Con l’andar del tempo, crebbe in Álvaro la necessità — la santa ambizione — di formarsi di più e meglio, per corrispondere ai doni che aveva ricevuto e continuava a ricevere quotidianamente da Dio. Pochi mesi dopo quel luglio del 1935, san Josemaría cominciò ad appoggiarsi su quello studente nella direzione e nell’apostolato delle persone che facevano parte dell’Opera da tempo, sebbene il peso principale del lavoro ricadesse logicamente sul fondatore. Per coloro che ascoltavano Álvaro era evidente che, grazie al suo desiderio di formarsi per servire meglio, recepiva lo spirito di san Josemaría con una fedeltà che stava sotto gli occhi di tutti. Nessuno restò sorpreso che don Josemaría, quando doveva assentarsi da Madrid per qualche incombenza, desse ad Álvaro l’incarico di dirigere i mezzi di formazione spirituale e apostolica ai giovani che partecipavano al lavoro della Residenza.

Dopo la fine della guerra civile spagnola nel 1939, aumentò notevolmente l’espansione apostolica dell’Opus Dei. Ormai il fondatore non poteva più provvedere da solo alla direzione spirituale di tutti i fedeli dell’Opera, come faceva di solito, e volle che lo aiutassero i suoi figli più grandi. Álvaro fu il primo a collaborare alla direzione spirituale dei più giovani. San Josemaría gli raccomandò di svolgerla con grande responsabilità, perché si sarebbero rivolti a lui con la stessa fiducia con cui si affidavano al fondatore.
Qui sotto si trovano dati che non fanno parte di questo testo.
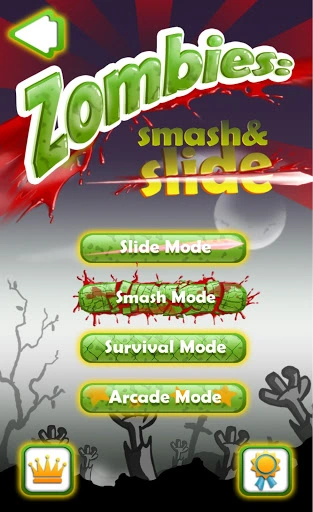 Zombies: Smash & Slide Screenshot Image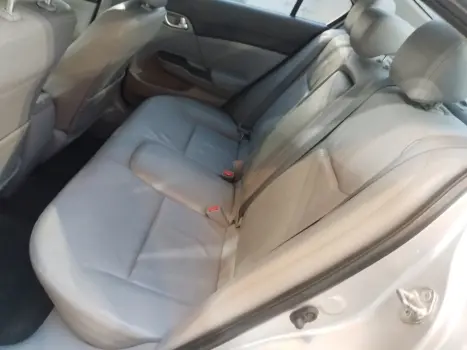 HONDA Civic 2.0 16V 4P FLEX LXR AUTOM�TICO, Foto 9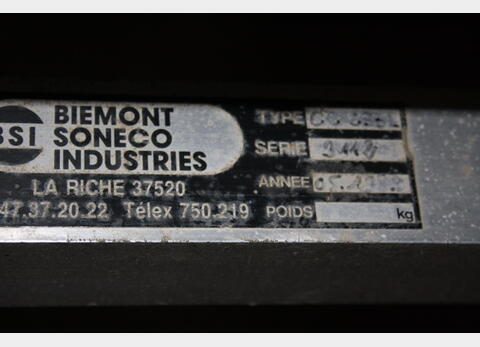 Conteneur aluminium 200 L Marque : BSI.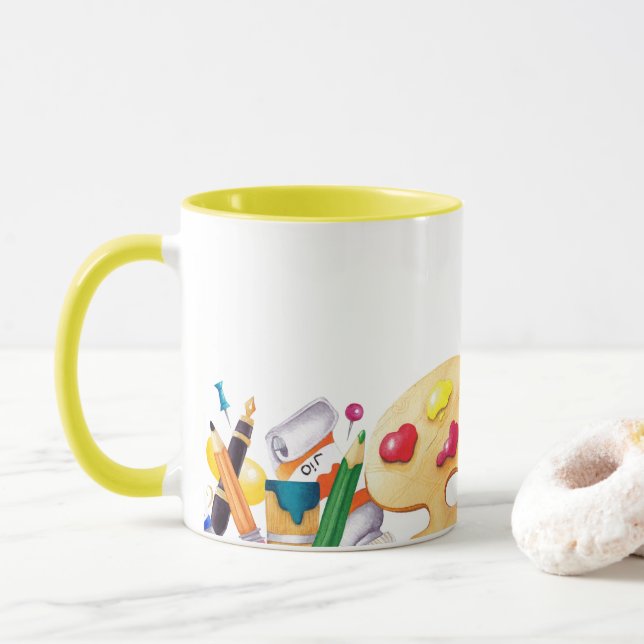 Mug (With Donut)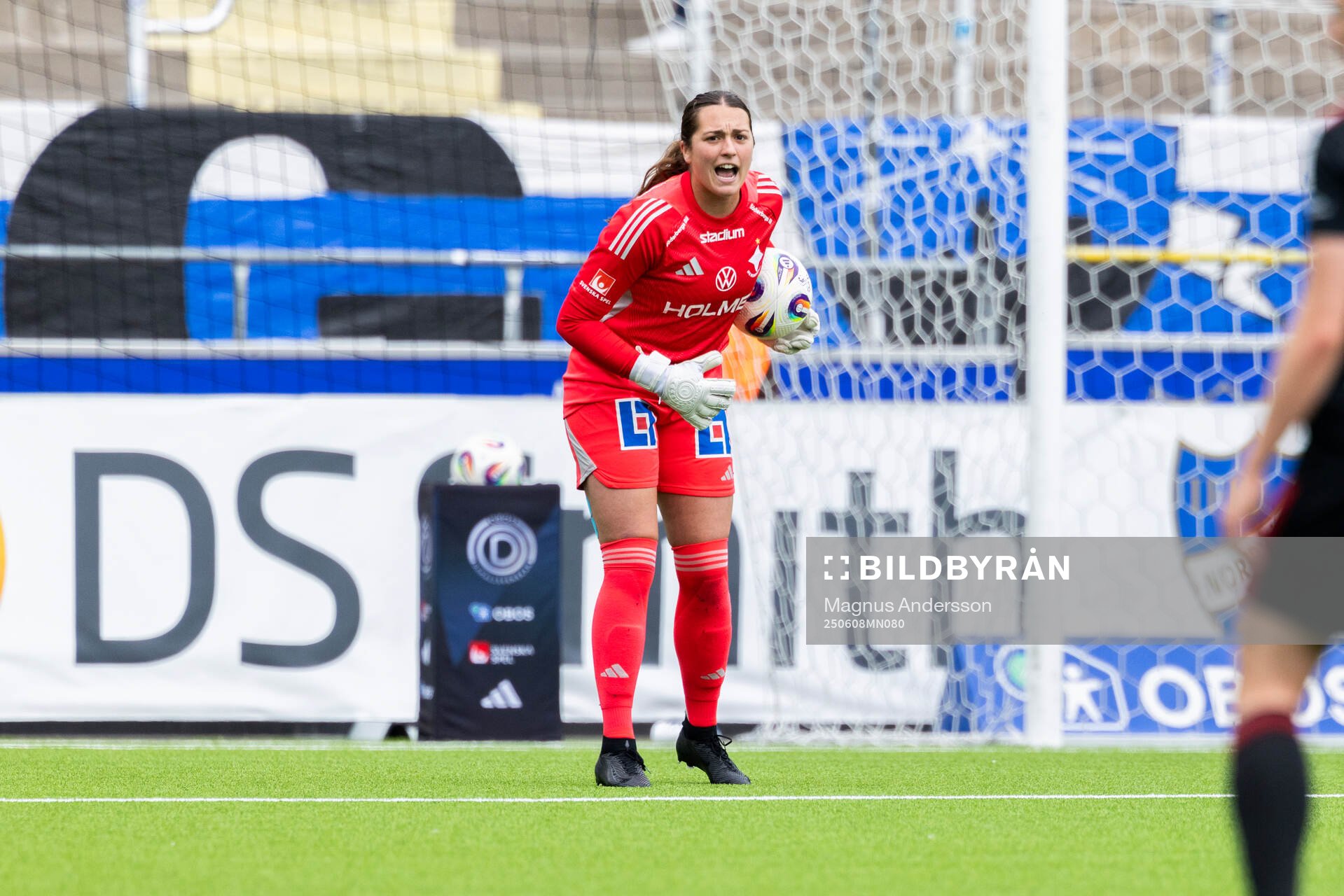 IFK Norrköpings målvakt Caroline Delisle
Non sono state poche le volte in cui, anni dopo, ho sentito dire da don Álvaro che, prima di iniziare ogni colloquio di direzione spirituale, si raccomandava allo Spirito Santo per ascoltare le persone con la massima delicatezza possibile; e soggiungeva anche che, proprio per svolgere quell’incarico con la massima fedeltà, consigliava a chi lo ascoltava, in ogni incontro, di cercare di migliorare sempre di più la propria unione con san Josemaría: era un punto che non ometteva mai, toccandolo con forza ma anche con garbo e — a quanto mi risulta — in modo sempre convincente. Era pienamente cosciente che in quel momento faceva le veci del Padre, il quale guidava tutti e ciascuno per cammini di dedizione sempre maggiore, con una fedeltà radicale allo spirito ricevuto dal Signore.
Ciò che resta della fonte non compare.